* Supplied material
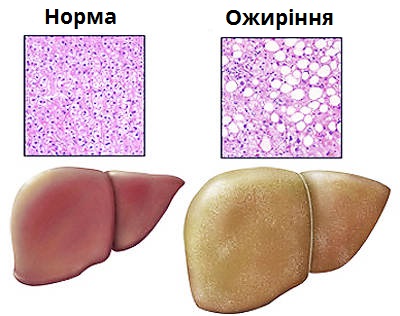 ожиріння_печінка.jpg
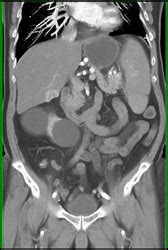 Islet Cell Tumor- See Next Case - Musculoskeletal Case Studies - CTisus ...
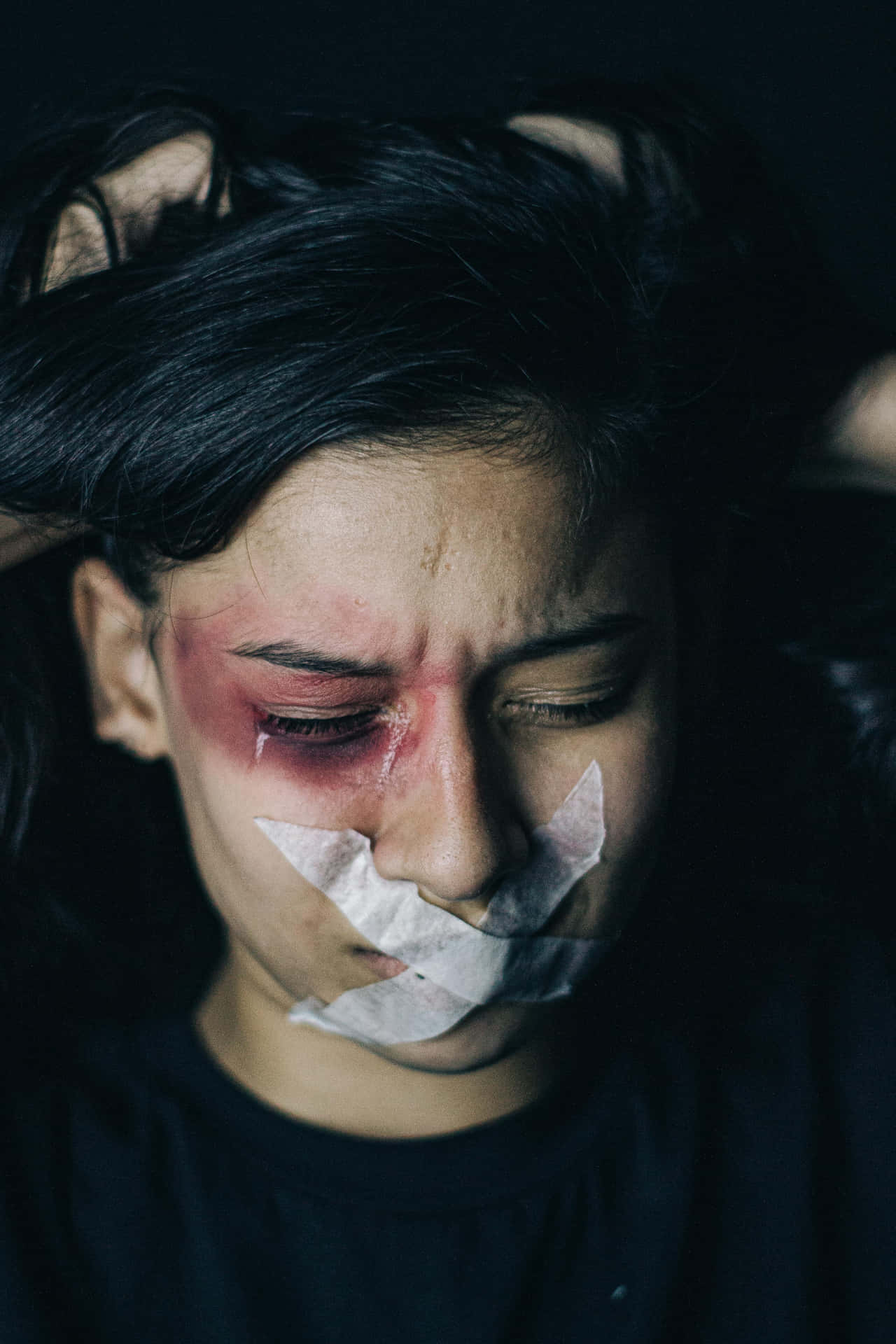 Bruised With Tape On Mouth Background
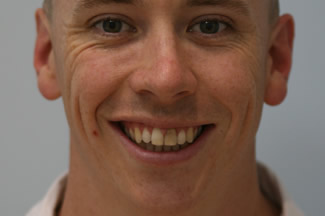 veneers_london_before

* Task to carry out
Everything from the line containing "Bruised With Tape On Mouth Background" through the final line of the material must be set down exactly, except the pictures.

* Response to the exercise
 Bruised With Tape On Mouth Background
 veneers_london_before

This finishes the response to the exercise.